# Sylvania GrowLux & Fluorescents



## Paph_LdyMacBeth (Sep 4, 2011)

Does anyone know the degrees Kelvin of the Sylvania Growlux bulbs? I cannot find this information. 
Is anyone using these -thoughts? 

I'm in the process of moving from my upstairs setup into a grow tent in the basement and I need to go 100% fluorescent. 
Currently I am using a 50:50 mixture of 4' warm & cool fluorescent, natural light, and supplemented with Sunblaster CFL's for high light plants.

I do have the option of using SunBlaster T5's, but I am looking to the Sylvania's as they are a significant savings. 
Any info is appreciated.


----------



## SlipperFan (Sep 4, 2011)

Does this help?
http://homeharvest.com/fluorescenttubes.htm


----------



## Hera (Sep 4, 2011)

Are the Sylvania T8? You would get more output for the money with the 
T5"s.


----------



## koshki (Sep 4, 2011)

I hope Ray sees this thread...ask him to post his chart on the difference between using warm and cool bulbs, vs using 6400 bulbs. 

I was convinced about using just the 6400 bulbs, after looking at his chart.


----------



## Sirius (Sep 4, 2011)

I would like to see that chart.

I have been using a 4 bulb T5 fixture for years above my succulents. I have two 6400k bulbs and two 3000k bulbs in it. The mix is supposed to support blooming and vegetative growth. 

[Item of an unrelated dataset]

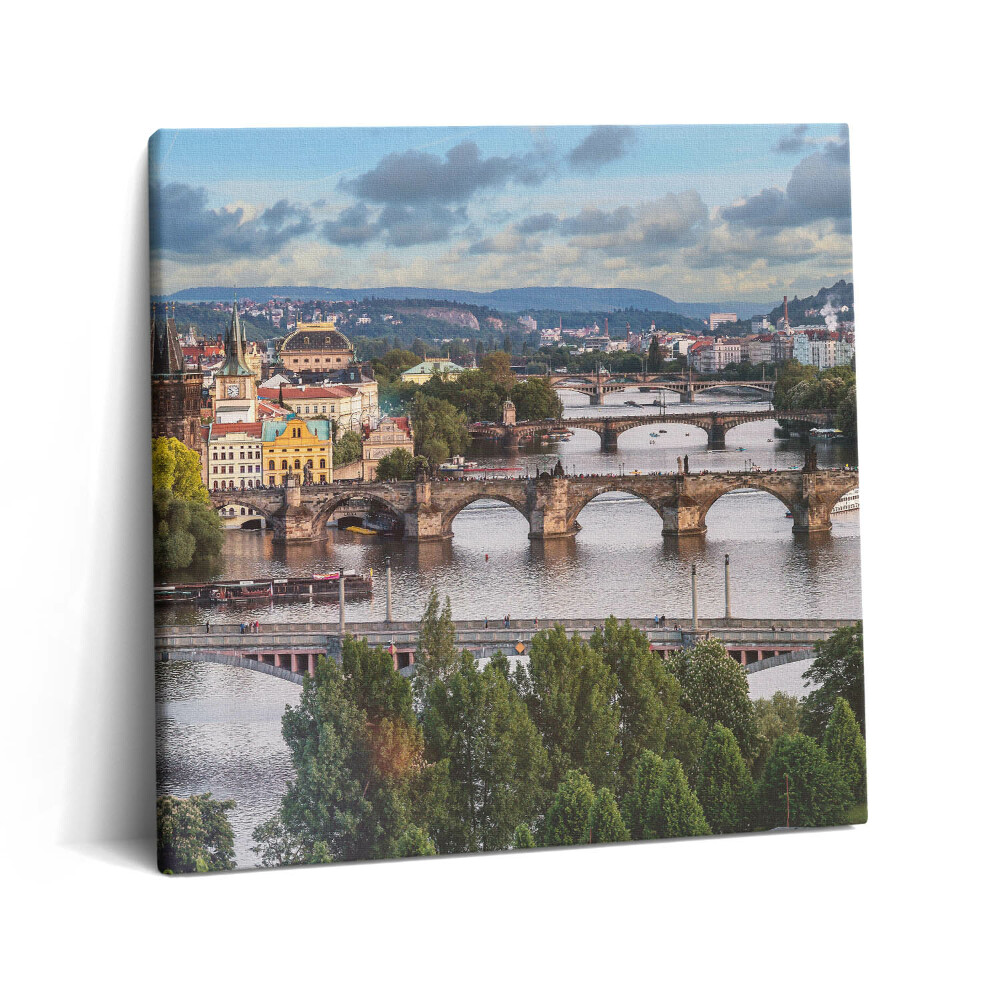 Obraz na plátně 60x60 cm Pohled na Prahu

I recently picked up some new shelves for my orchids, and bought several new T5 fixtures for the shelf. The bulbs in the new fixtures are all 6400k, and I was wondering if I should supplement with some 3000k bulbs or not.


----------



## Ricky (Sep 5, 2011)

Here is a wonderful comparison chart for all common types of light sources with the results in photosynthetic yield/Watt or PAR PPFD.
But it is in german, perhaps Google translate would help.
http://www.hereinspaziert.de/Sehlicht_2009/Ergebnisse.htm

As you can see here, Growlux is the weakest of fluorescent lights: http://www.hereinspaziert.de/Sehlicht_2009/Auswertung-LL_b.gif


----------



## TyroneGenade (Sep 5, 2011)

Go see http://www.apsa.co.za/board/index.php?topic=4454.0 . There is a lot of data on a lot of tubes. Seems that whole higher output from T5 doesn't hold up to scrutiny. What you can do with T5s is have a lot more in a smaller space. Also, the smaller tube means less light is lost to "squashing" of the light between the tube and reflector. You want to put more money into a good reflector than a tube. I think using a Warm white is A-OK. Gro-lux tubes have a lot of red light in the 660 wave length which can encourage leggy-growth. The Osram Biolux, Natura and Colorproof tubes have the most sun-like spectra with pretty much even spectral distribution between red to blue. The Osram Fluora also looks a good tube. While the data at the above link has been worked for aquarium use the basic principle stills seems to hold: the ratio of red to blue light seems the most critical to get good growth. The more yellow in the spectrum the less photosynthetically active radiation the tube is emitting. A high 660 to 640 ratio means leggy growth instead of compact growth.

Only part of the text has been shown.